Page:Sm all cc.pdf/53

From Wikisource
Jump to navigation Jump to search
This page has been proofread, but needs to be validated.
50

Example 3: Monthly averages of temperature for Anchorage, Alaska.

The histogram of monthly temperatures in Anchorage (Figure 10a) is strongly bimodal, with equal-sized peaks at 10-25° and at 45-60°. Skewness is zero because the two peaks are equal in size, so the mean is close to the median and both are a good estimate of the true average. Many bimodal distributions have one dominant peak, however, causing a distribution that is skewed and biasing both the mean and median.
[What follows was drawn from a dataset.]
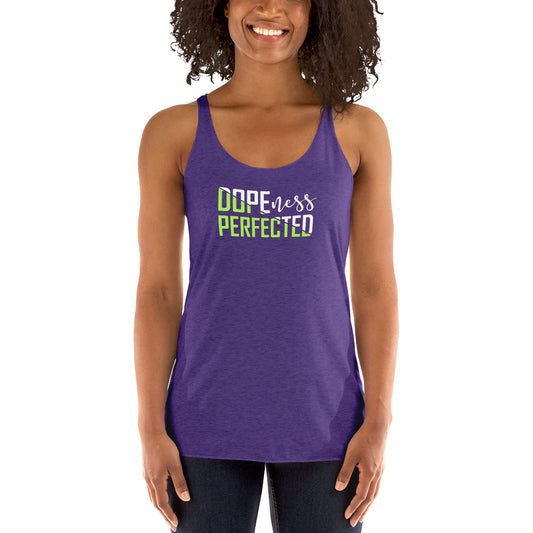 Dopeness - Women's Racerback Tank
Nonparametric statistics are much more appropriate here than parametric statistics. Neither is an acceptable substitute for investigation of the causes of a bimodal distribution. For this example, the answer lies in the temporal trends. Again we have a time series, so a plot of temperature versus time may lend insight into data variability. Months of a year can define an ‘ordinal’ scale: order along a continuum is known but there is neither a time zero nor implicitly fixed values. Here I simply assigned the numbers 1-13 to the months January-December-January for plotting, keeping in mind that the sequence wraps around so that January is both 1 and 13, then I replaced the number labels with month names (Figure 10b). A circular plot type known as polar coordinates is more appropriate because it incorporates wraparound (Figure 10c).

Consider the absurdities of simply applying parametric statistics to datasets like this one. We calculate that the average temperature is 35.2° (i.e., cold), but in fact the temperature almost never is cold. It switches rapidly from cool summer temperatures to bitterly cold winter temperatures. Considering just the standard deviation, we would say that temperature variation in Anchorage is like that in Grand Junction, Colorado (16.8° versus 18.7°). Considering just the mean temperature, we would say that the average temperature of Grand Junction (52.8°) is similar to that of San Francisco (56.8°). Thus temperatures in Grand Junction, Colorado are statistically similar to those of San Francisco and Anchorage!

Crossplots

Crossplots are the best way to look for a relationship between two variables. They involve minimal assumptions: just that one’s measurements are reliable and paired (xi, yi). They permit use of an extremely efficient and robust tool for pattern recognition: the eye. Such pattern recognition and its associated brainstorming are a joy.